The bill reveals that the complainant, Mary B. Wentz, who is the same person as is named in Item Twentieth of the will, has possession of the property mentioned therein. The bill further shows that complainants have $960.03, representing one-half of the residuary estate, which the defendant Wilmington Teachers Association has refused to accept although it is designated to receive one-half of the residuary estate by the residuary clause of the will (Item Twenty-Third). No reason for the defendant Association’s refusal is given in its answer which admits all the allegations of the bill and joins in the prayers thereof. It is apparent, however, that the refusal is based on the desire of the defendants to be judicially instructed as to whether the Association will receive such money outright, or in trust, and if in trust, the terms thereof.

Because Item Twenty-Third clearly refers to Item Twentieth by the use of the words “for the purpose heretofore mentioned,” it seems to me that I must also decide now whether, upon the death of the complainant Mary B. Wentz, the defendant Association will receive the proceeds from the sale of the property mentioned in Item Twentieth outright or in trust.

[184]*184The parties have been advised that, as the proceeding now stands, I shall not decide the right of any one, whether a party hereto or otherwise, with respect to the subject matter of Item Nineteenth of the will dealing with certain furniture.

The parties have also assumed, and properly so, that under Item Twentieth Mary B. Wentz has only a life interest in the property at 219 W. 16th St.
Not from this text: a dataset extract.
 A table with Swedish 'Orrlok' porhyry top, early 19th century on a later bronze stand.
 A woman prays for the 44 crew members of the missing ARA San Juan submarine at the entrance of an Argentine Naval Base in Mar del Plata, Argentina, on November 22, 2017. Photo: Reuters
It is the legal status of one-half of the proceeds of the sale of the property upon her death that causes us concern here.

I must now decide: (1) whether the share of the proceeds of the sale of the 219 W. 16th property taken by the Wilmington Teachers Association or its successors is to be received by such body without limitation, or in trust, and (2) whether the share of the residuary estate taken by the Association pursuant to Item Twenty-Third is to be received without limitation, or in trust.

Complainants contend that the property mentioned in Items Twentieth and Twenty-Third “constitute outright gifts,” while defendants urge that it may have been given in trust in which event Wilmington Teachers Association-being an unincorporated association—would be unable to accept the property as trustee. More important as I see it, is the fact that as donee of a gift the Association could deal with the property as it saw fit, while as trustee it could not.

Does Wilmington Teachers Association take a remainder without limitation under Item Twentieth as to one-half of the proceeds of the sale of 219 W. 16th St., or does it take such money in trust? Because Item Twenty-Third by virtue of the language used therein must, in my opinion, .be controlled by the language of Item Twentieth, it is apparent that the conclusion as to the proper construction of Item Twentieth will control in determining the effect of Item Twenty-Third.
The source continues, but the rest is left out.